Published: 18 November 2015 10:45 PM
A DAP lawmaker in Penang has expressed concern over ithe mpact of the Trans-Pacific Partnership Agreement (TPPA) on the state’s economy, which is dependent on the manufacturing sector driven by foreign investors.
Wong Hon Wai (DAP-Air Itam) said the state government must get thinktank Penang Institute to conduct a study on the implications of the agreement on Penang's industry and job market.
"We have many American companies investing in Penang, such as Intel, Altera, Dell, Motorola and others that create thousands of jobs here.
"We need to look at the TPPA from a positive angle on how it will impact Malaysia and Penang," he said in his speech to debate the state budget for 2016 tonight at the state legislative assembly.
Wong said should Malaysia sign the TPPA, products exported to the US would be tax-exempted while the opposite would be true should it not be party to the agreement.
He said it was an important matter to think about because the government's decision would determine whether foreign investors continued to come to Penang.
"I am worried that if Malaysia does not join the partnership, our competitiveness will go down, our industries will be affected and we will lose investors," he said.
Putrajaya is promoting the US-driven TPPA as a way for Malaysian companies to expand into new overseas markets.
International Trade and Industry Minister Datuk Seri Mustapa Mohamed recently said the electronics, oil palm, timber and textile sectors were among those who stood to benefit from the signing of the agreement.
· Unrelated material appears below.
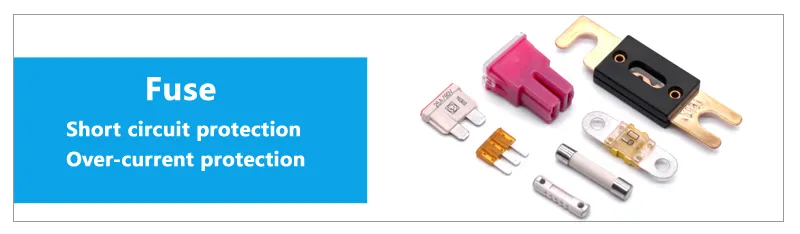 32V DC Bolt Type Automobile Car Automotive Ans Fuse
In a November 13 statement, Mustapa said Malaysian companies had invested RM522 billion overseas, more than the RM477 billion in foreign investments it had received.
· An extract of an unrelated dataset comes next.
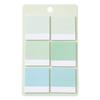 180 Sheets Sticky Notes: High-Value Memo, Student Label & Index Stickers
During a recent TV3 interview, Mustapa said Putrajaya was also investing in building up the local small and medium enterprises to ensure that they would be able to survive.
Malaysia’s signature on the 12-country TPPA next year will give it access to a market of 800 million consumers and an economic output or gross domestic product (GDP) of US$28 trillion (RM122.63 trillion).
The pact goes beyond a traditional free trade agreement which lowers trade barriers such as duties and taxes. The TPPA also promises to rewrite laws on how member countries conduct business. – November 18, 2015.